Alice Walker was born in 1944 in rural Georgia, the youngest child of a sharecropper. When she was eight years old, while playing with two of her older brothers, a copper B.B. pellet hit her in the eye. The accident was traumatic, and Alice changed from being a brassy, self-confident child, interested in doing grown-up things, into a shy, solemn, and solitary girl.

Walker immersed herself in her studies, was consistently excellent in them, and after graduation won a scholarship to Spelman College, a small prestigious black women's school in Atlanta, Georgia. After two years, Walker left to attend Sarah Lawrence College in Bronxville, New York. There she majored in literature and studied extensively in Latin poetry and history.

Walker graduated from Sarah Lawrence in 1965, and three years later she published a collection of poetry, Once: Poems.

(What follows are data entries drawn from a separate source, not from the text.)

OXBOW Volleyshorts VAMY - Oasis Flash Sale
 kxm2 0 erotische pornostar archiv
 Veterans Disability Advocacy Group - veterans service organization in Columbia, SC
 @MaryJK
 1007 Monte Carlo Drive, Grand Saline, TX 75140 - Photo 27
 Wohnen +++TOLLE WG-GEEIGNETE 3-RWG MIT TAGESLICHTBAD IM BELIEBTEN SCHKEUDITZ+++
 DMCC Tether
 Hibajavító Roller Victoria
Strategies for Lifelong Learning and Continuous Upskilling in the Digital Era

Also in 1968, Walker married Mel Leventhal, a human rights lawyer, and they had a daughter, Rebecca, before they were divorced in the early 1970s. Her first novel, published in 1970, was The Third Life of Grange Copeland. During this time, Walker also held an editorial position at Ms. magazine; Gloria Steinem, editor-in-chief at Ms., was extremely encouraging and supportive of Walker's efforts, ideas, and writing. In 1976, Meridian, Walker's second novel, the story of a woman fighting for civil rights in the American South, was published.

In 1982, Walker received the Pulitzer Prize for Literature for her third novel, The Color Purple. Following this great achievement, she published a collection of essays, In Search of Our Mothers’ Gardens, in 1983, and in 1984 released a collection of poems, Horses Make a Landscape Look More Beautiful. She has also published the Temple of My Familiar (1989) and Possessing the Secret of Joy (1992), along with children’s books and non-fiction work.